KUSANG (BAD COMPANY)
In Gadhada I 18, in order to stress the importance of avoiding kusang on the spiritual path, Maharaj vivifies convincingly: “If he sits in a gathering of materialistic people in a lavish seven-storey haveli decorated with beautiful mirrors and comfortable seats, and if those materialistic people are seated wearing various types of jewellery and fine clothes, and are exchanging liquor amongst themselves, with prostitutes performing vulgar dances to the accompaniment of various musical instruments – then the person’s antahkaran will unquestionably be adversely affected… Therefore, if one thoughtfully examines the influence of good company and evil company on the antahkaran, their effects can be realized.”
NATURE OF THE MIND
To keep the mind occupied, Maharaj uses an example which is familiar to the common peasant, which involves flowers and seeds. Maharaj then links this to recollecting the episodes of Bhagwan’s lila, to subdue the mind.

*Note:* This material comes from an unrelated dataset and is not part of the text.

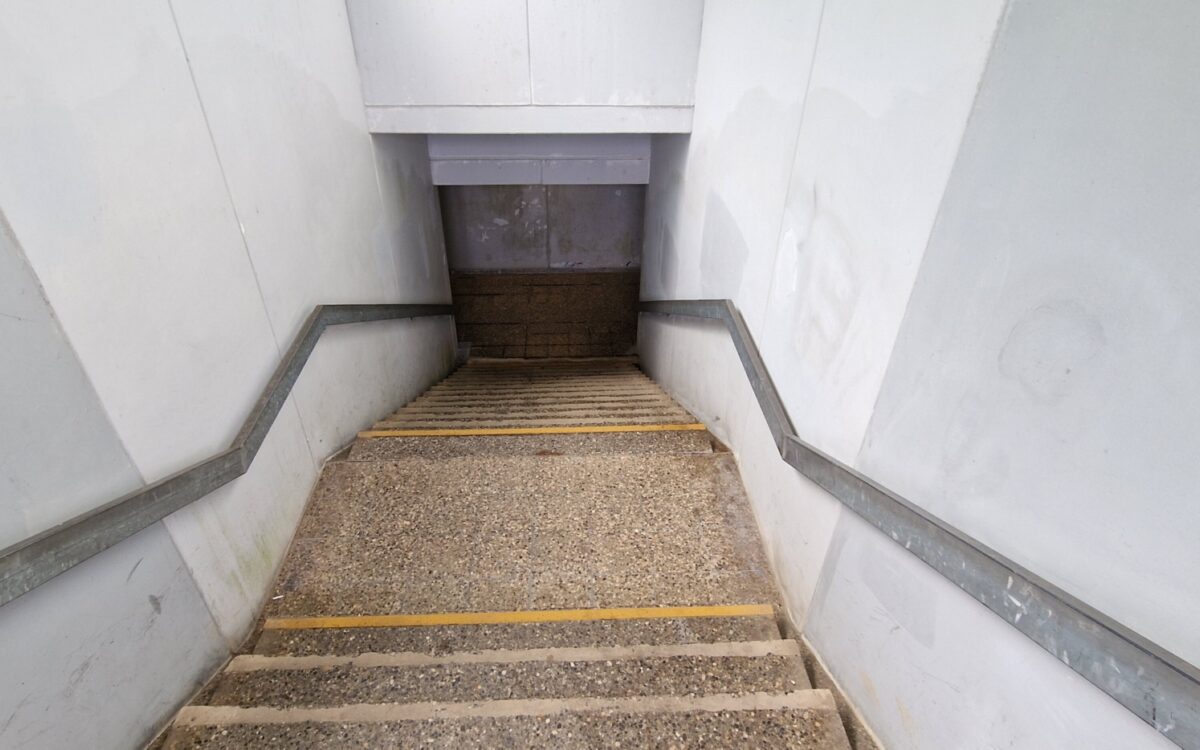 Bahnhofsreporter Marktbreit2 Bahnhofsreporter Marktbreit2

“The mind is saturated with desires for the world. But, in the manner in which sesame seeds are imbued with scent by padding them between alternating layers of flowers, the mind should be similarly saturated with flowers in the form of the constant remembrance of Bhagwan’s divine actions and incidents – coupled with an understanding of his greatness. The mind should constantly be entangled in a web in the form of these divine actions and incidents of Bhagwan, and thoughts relating to Bhagwan should be constantly conceived in the mind” (Gadhada I 38).
The desire to enjoy the panchvishays is never-ending. For example, we know that after relishing a food item that we are really fond of, such as, ice cream, in as much quantity as we like, we feel contented. Yet the next day, the craving to eat ice cream remains. The same principle holds true for the other vishays of touch, sight, smell and hearing. One is never contented and the desires remain ever more powerful. Total and lasting fulfilment never results by succumbing to and palliating our desires. Shriji Maharaj explains: Craving for the panchvishays for fulfilment by enjoying them, is like trying to pour water into a fissure which has opened up in the ground, reaching into the bowels of the earth. It will never be filled. Similarly, the indriyas will never be satiated even with the utmost enjoyment of the sense-objects (Gadhada II 47).

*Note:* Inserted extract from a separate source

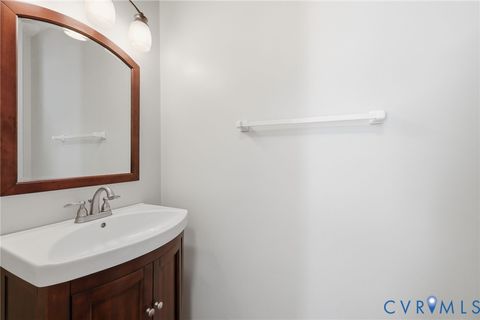 Tiny photo for 1828 Timberly Waye, Richmond, VA 23238 (MLS # 2609946)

ANALOGY OF SWEET MILK AND SNAKE VENOM
Maharaj uses the analogy of milk and snake venom in six different ways. The gravity of what he wishes to convey through this analogy, firmly penetrates devotees sitting in the assembly.
In Gadhada I 35, Maharaj compares the venom to finding faults in Bhagwan and his Sadhu, thus poisoning the otherwise great intellect of a devotee.
In Loya 10, Maharaj makes a subtle concept lucid. He says that when the jiva fully realizes the repugnance of the worldly charms, he then ceases to be attracted by them, just as one who sees snake venom falling in sweet milk will be repelled by it.
Throughout the Vachanamrut, Maharaj reveals his immense dislike of one with ego. In Loya 17, he compares the ego-conscious devotee to a man drinking milk laced with snake venom: “He who identifies his self with the body will definitely bear contempt for the sadhu and will eventually fall from Satsang – either after one month or two months; after one year or two years or even ten years; or maybe at the time of death or even after death – he will certainly fall” (Loya 17).
“After his death” means that the ego will be hampering the jiva’s spiritual progress even in the births that follow.
One who has no knowledge of Bhagwan’s glory and greatness is not able to liberate anyone and one should not even listen to his discourses. Maharaj calls him, ‘spiritually impotent’ in Vartal 12. Those who listen to such a person are likened to drinking poisoned milk and liable to fall from the spiritual path.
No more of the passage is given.